§ Instructions to follow:
Copy out the whole listing below exactly.

§ Data extract:

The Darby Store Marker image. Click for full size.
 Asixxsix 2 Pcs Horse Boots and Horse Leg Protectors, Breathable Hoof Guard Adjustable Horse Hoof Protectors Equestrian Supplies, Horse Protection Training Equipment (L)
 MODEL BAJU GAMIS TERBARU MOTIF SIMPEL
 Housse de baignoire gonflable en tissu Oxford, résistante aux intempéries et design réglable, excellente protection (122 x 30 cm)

§ Result below:
The Darby Store Marker image. Click for full size.
 Asixxsix 2 Pcs Horse Boots and Horse Leg Protectors, Breathable Hoof Guard Adjustable Horse Hoof Protectors Equestrian Supplies, Horse Protection Training Equipment (L)
 MODEL BAJU GAMIS TERBARU MOTIF SIMPEL
 Housse de baignoire gonflable en tissu Oxford, résistante aux intempéries et design réglable, excellente protection (122 x 30 cm)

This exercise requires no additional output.